**WHAT THE TASK REQUIRES**
For the data that follows, print the line with "foto de campaña contra el trabajo infantil", the line with "3205 Rainmaker Street, Las Vegas", and all lines between them, exactly as they stand. Omit pictures and add nothing.

**RECORDS TO USE**

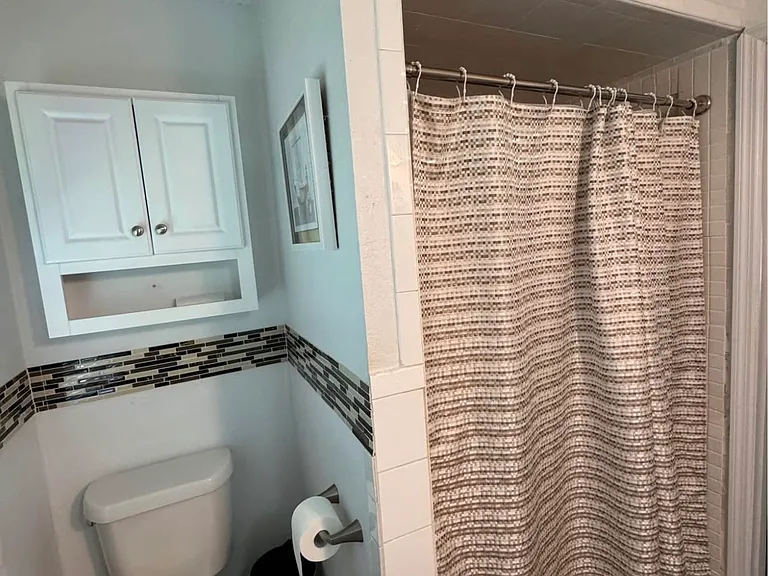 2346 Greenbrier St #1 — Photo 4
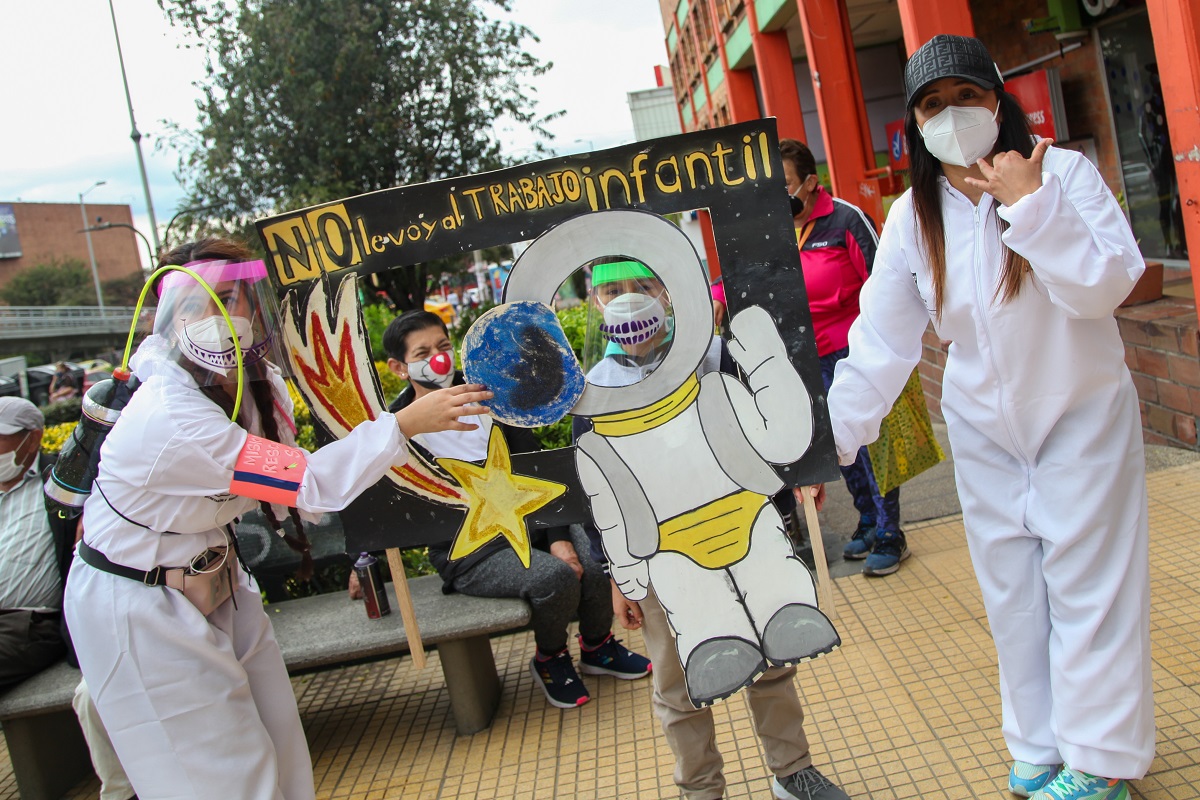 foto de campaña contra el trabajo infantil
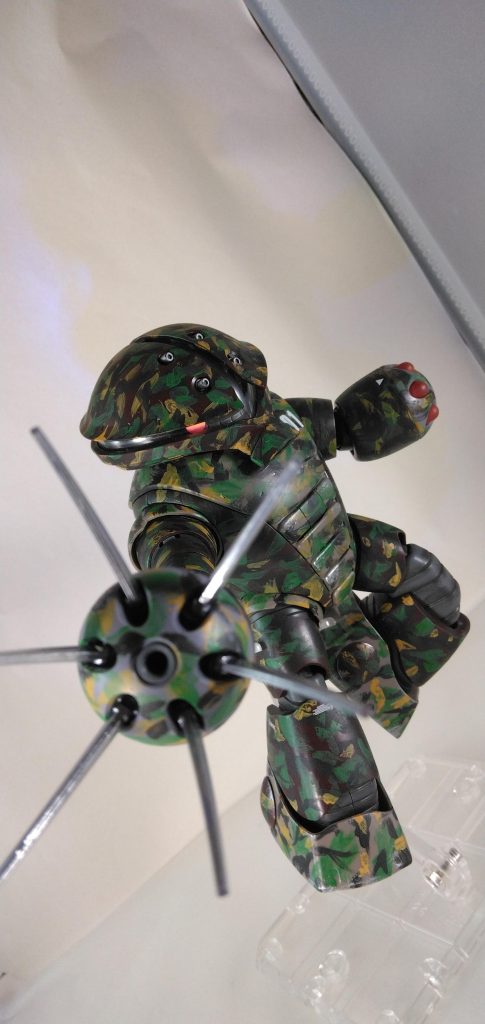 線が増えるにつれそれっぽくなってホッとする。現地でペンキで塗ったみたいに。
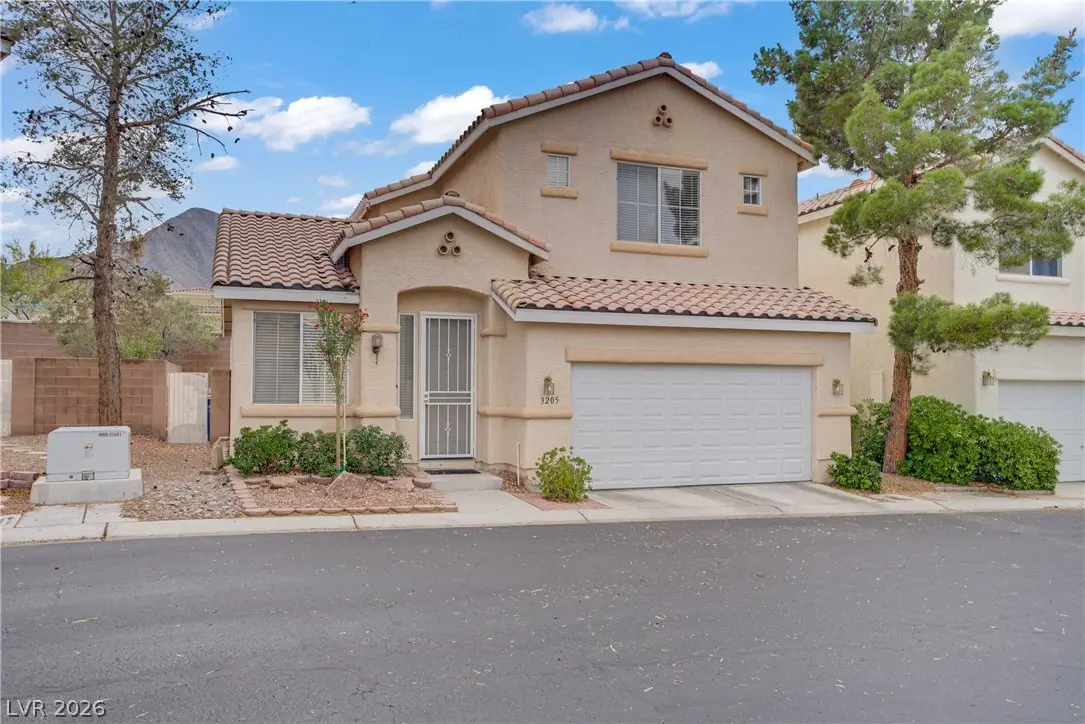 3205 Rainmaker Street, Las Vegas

==

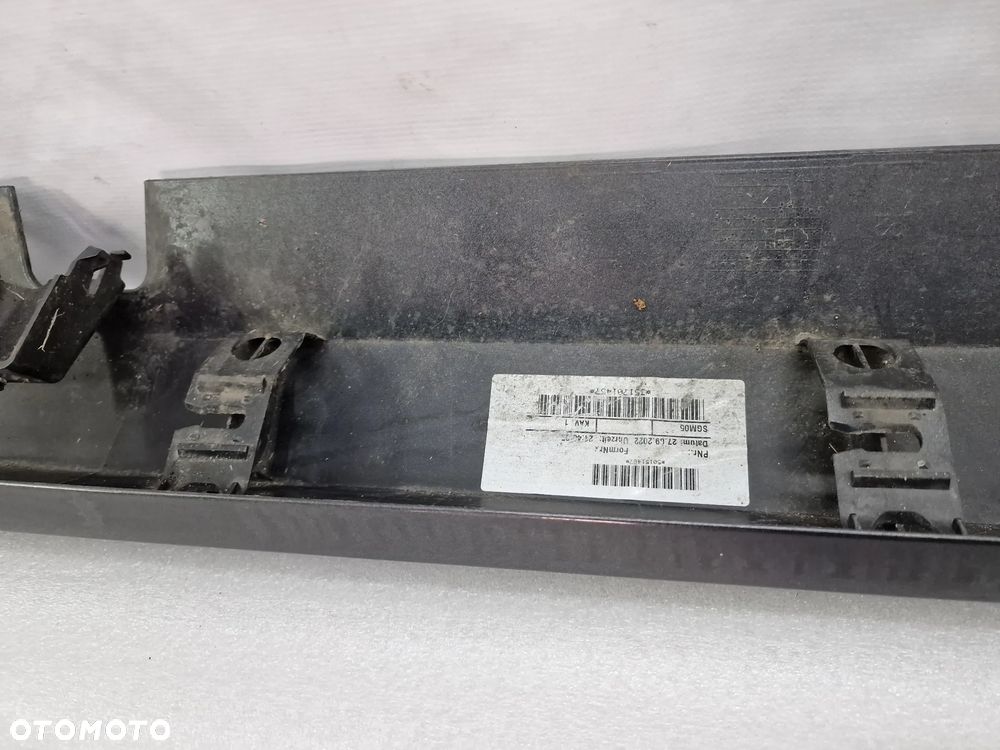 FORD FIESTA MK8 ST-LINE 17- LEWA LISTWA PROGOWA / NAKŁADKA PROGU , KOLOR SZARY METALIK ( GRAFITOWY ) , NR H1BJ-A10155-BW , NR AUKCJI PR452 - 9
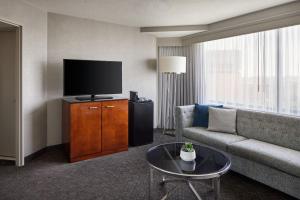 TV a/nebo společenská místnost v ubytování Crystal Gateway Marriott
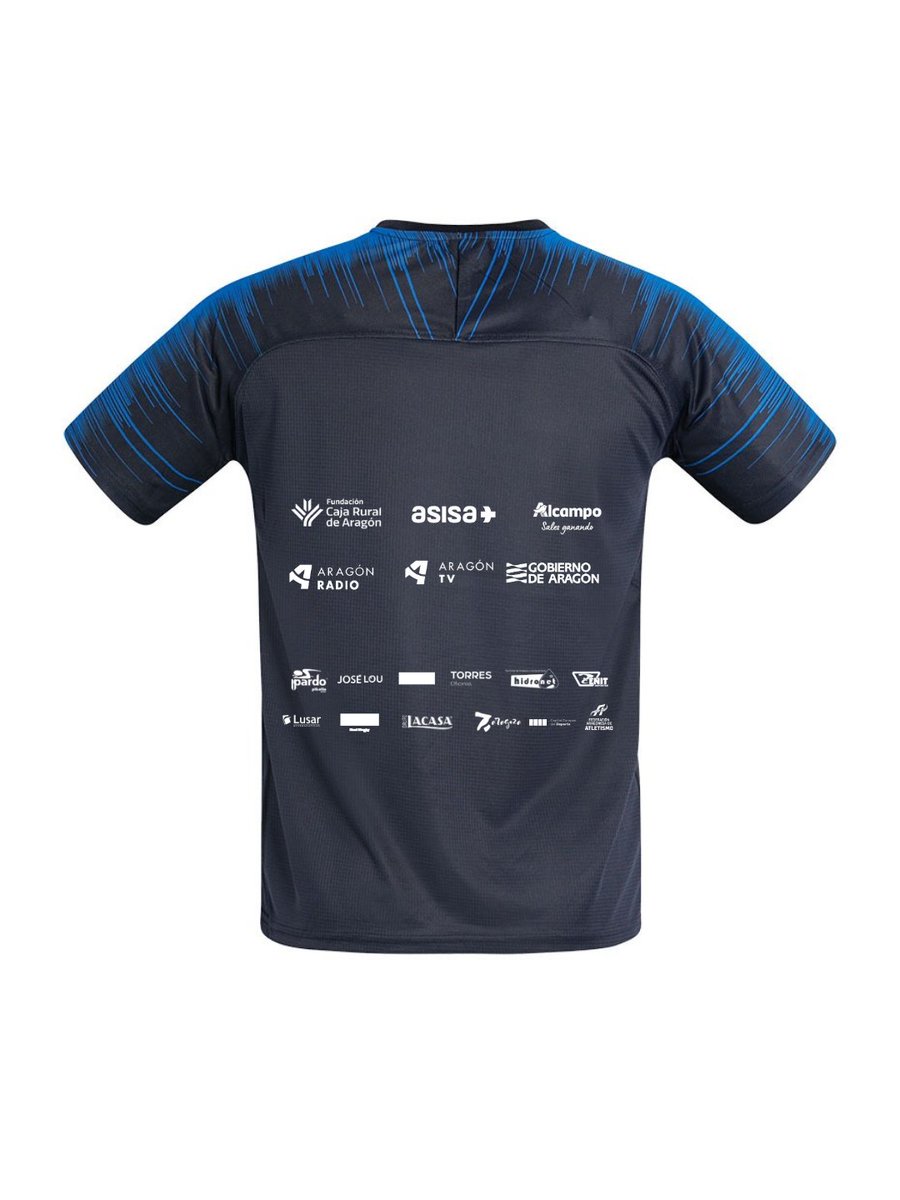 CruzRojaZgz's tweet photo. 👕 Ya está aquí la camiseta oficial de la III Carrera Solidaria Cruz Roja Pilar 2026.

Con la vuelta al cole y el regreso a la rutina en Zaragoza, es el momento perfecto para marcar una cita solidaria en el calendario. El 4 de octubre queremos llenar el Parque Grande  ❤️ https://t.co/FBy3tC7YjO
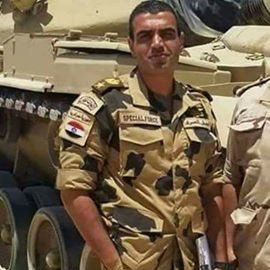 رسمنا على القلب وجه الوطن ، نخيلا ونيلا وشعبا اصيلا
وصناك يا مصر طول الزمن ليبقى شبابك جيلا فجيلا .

**PROBLEM SOLUTION**
 foto de campaña contra el trabajo infantil
 線が増えるにつれそれっぽくなってホッとする。現地でペンキで塗ったみたいに。
 3205 Rainmaker Street, Las Vegas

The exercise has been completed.